在汉口,奥登与衣修伍德目击了“四二九空战”,在得知中国空军和苏联空军志愿者联手击落21架日机时,他们与中国百姓一样兴高采烈:“那天晚上,汉口欢庆着它最伟大的空战胜利。”衣修伍德说:“奥登和我一致认为,我们宁可在这个时候去汉口,也不去世界上任何其他地方。”
离开中国后,奥登便窝在布鲁塞尔潜心创作《战地行纪》一书中的诗歌。1939年3月,《战地行纪》在英国出版,收录了奥登创作的27首十四行诗;两个月后,美国版《战地行纪》发行。同年,奥登登上BBC,讲述他在中国的经历。影响是巨大的,欧洲越来越多的人认识到,中国抗战正成为世界反法西斯战争的东方主战场。研究者们认为:这些诗歌被誉为“奥登30年代诗歌中最深刻、最有创新的篇章,也可以说是这十年间最伟大的英语诗”。

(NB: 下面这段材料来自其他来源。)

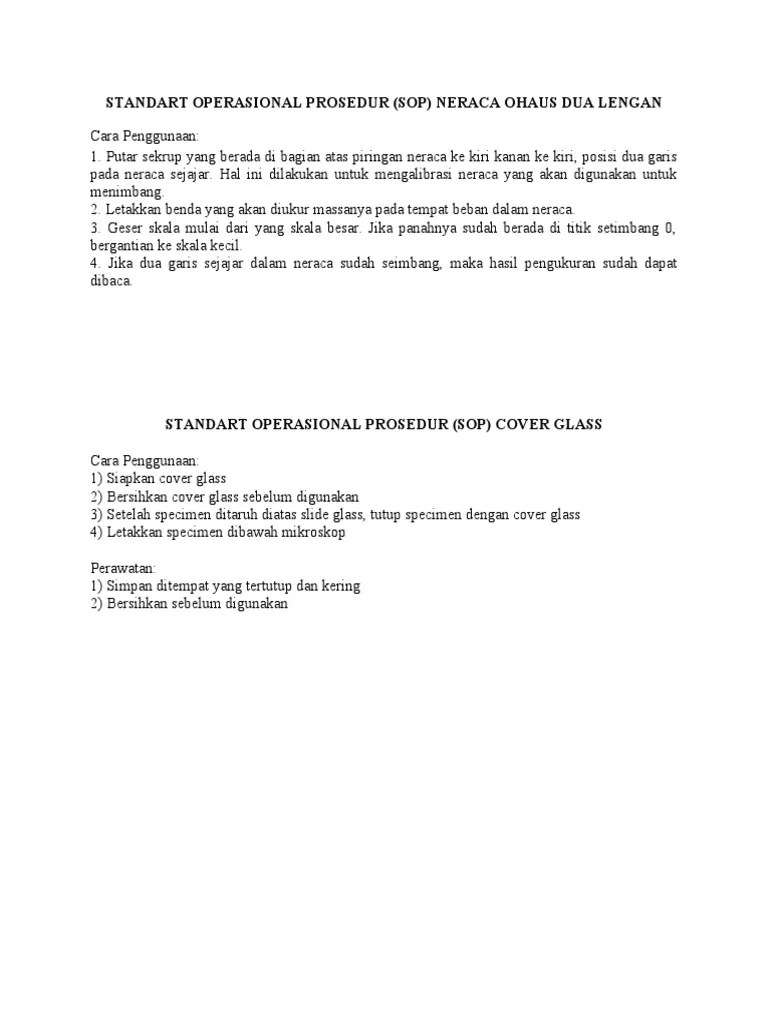 Standart Operasional Prosedur | PDF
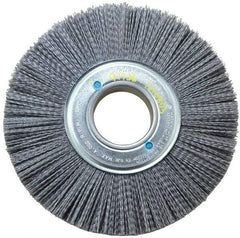 Weiler - 8" OD, 2" Arbor Hole, Crimped Nylon Wheel Brush - 1" Face Width, 2-1/4" Trim Length, 0.04" Filament Diam, 3,600 RPM - Strong Tooling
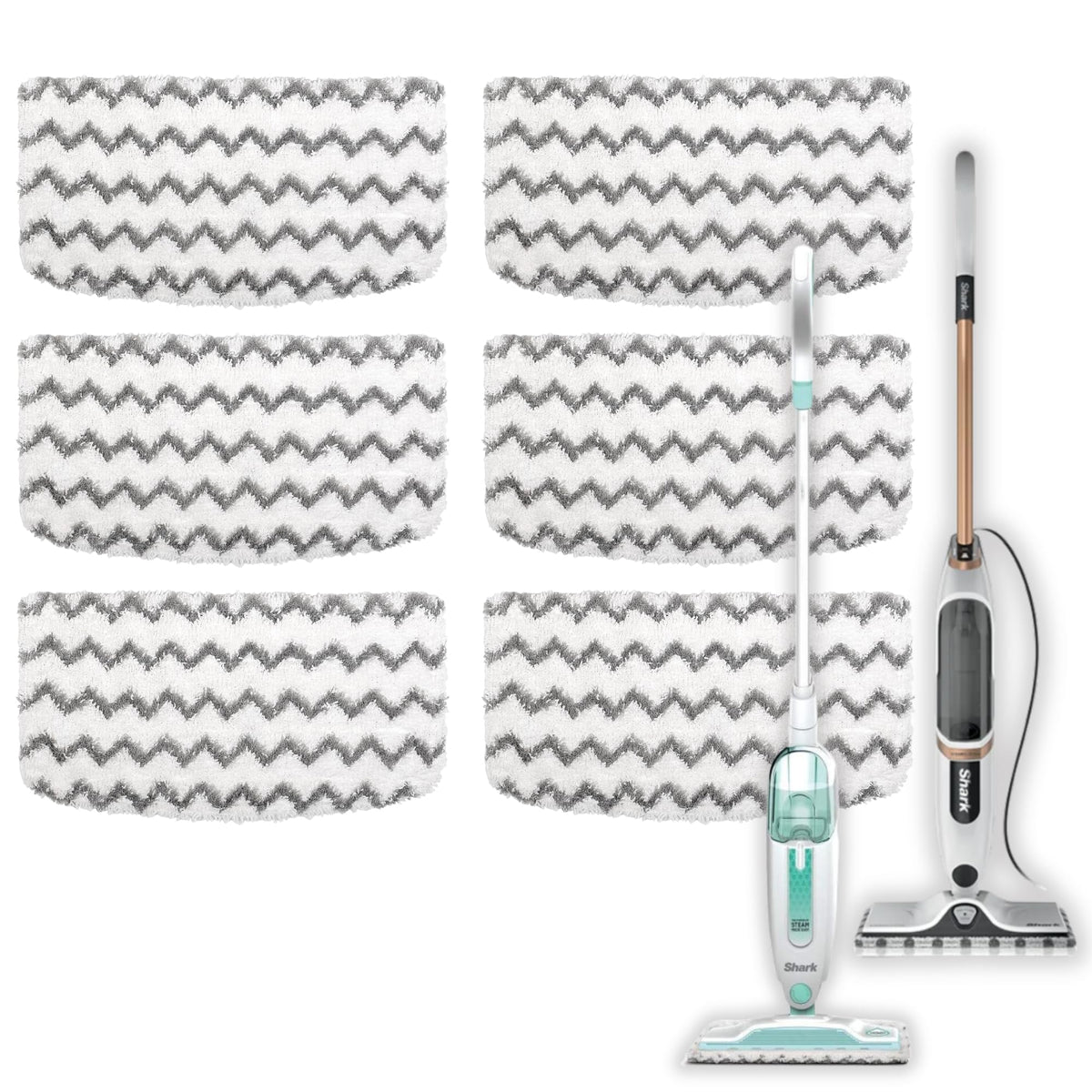 Steam Mop Pads Compatible with Shark Steam Mop S1000UK, S2001UK, Beldray BEL01097, Washable Dirt Grip Absorbing Refill for Shark Steamer (6Pack)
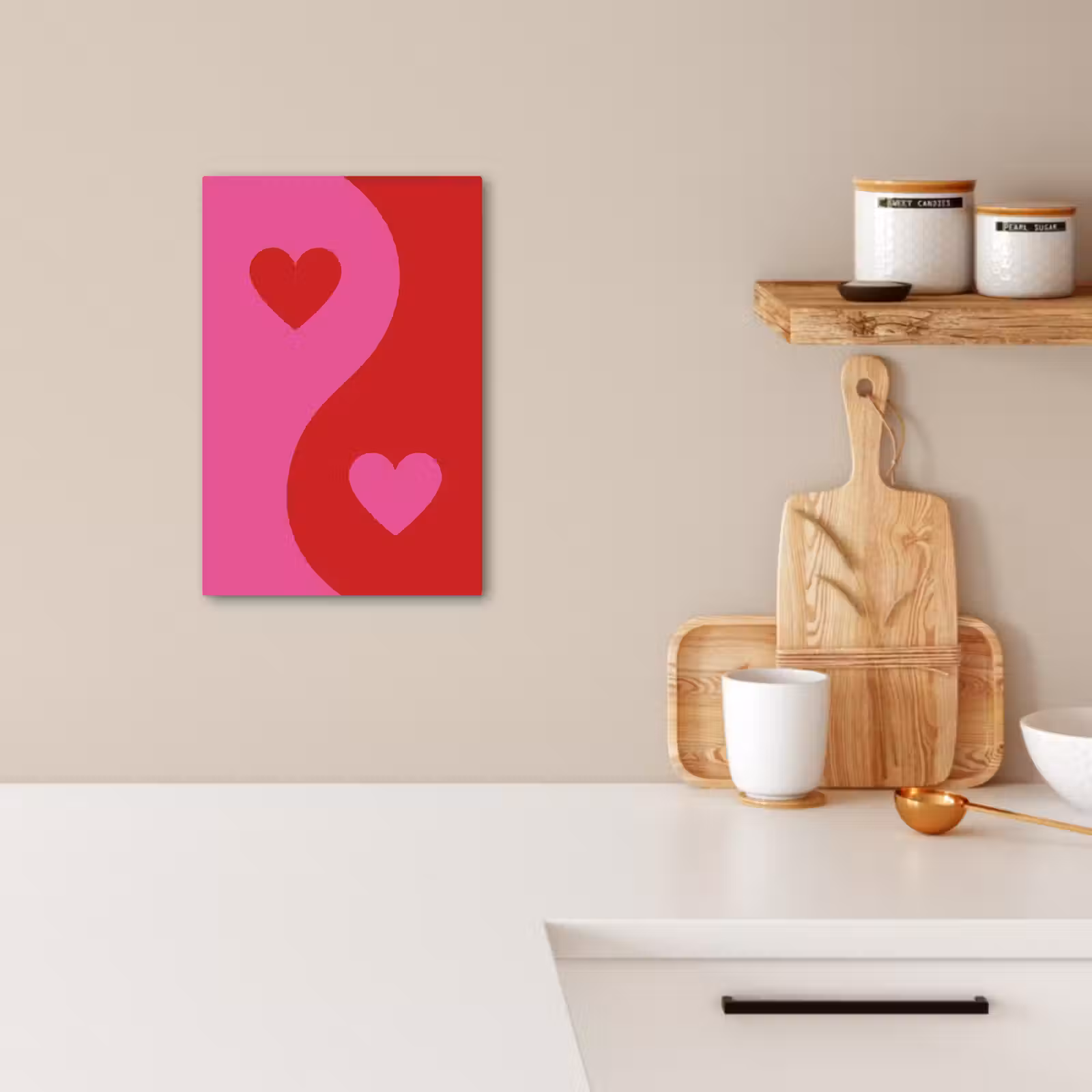 Tableau sur toile - Minimaliste - Rouge - Rose - Coeurs — 1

威斯坦·休·奥登(WystanHughAuden),1907年生于英国,毕业于牛津大学。30年代崭露头角,成为新一代诗人代表和左翼青年作家领袖。《奥登诗选:1927-1947》译者马鸣谦评价说:奥登被公认是继叶芝和艾略特之后最重要的英语诗人。1939年,奥登移居美国,后入美国籍并皈依基督教。前期创作多涉及社会和政治题材,后期转向宗教。以能用从古到今各种诗体写作著称。代表作有《西班牙》、《新年书信》、《忧虑的时代》等。上世纪40年代,中国诗人卞之琳、穆旦翻译过奥登的诗歌。
奥登晚年整理并修订了自己的诗作,按时间次序编排,分两册出版《短诗结集1927-1957》(1966)与《长诗结集》(1968)。《阿基里斯之盾》(1955)被认为是奥登战后最为感人的诗集,曾获国家图书奖。1956年至1961年,奥登任牛津大学教授,负责教授诗歌。
1973年秋天,奥登在维也纳的一次诗歌朗诵之后,因心脏病突然发作去世。奥登生前共出版诗集35部。
“当然要赞颂:让歌声一次又一次地升腾。”《战地行纪》像一个收录声音的匣子,忠实地记住了奥登为中国人民抗战所作的赞歌。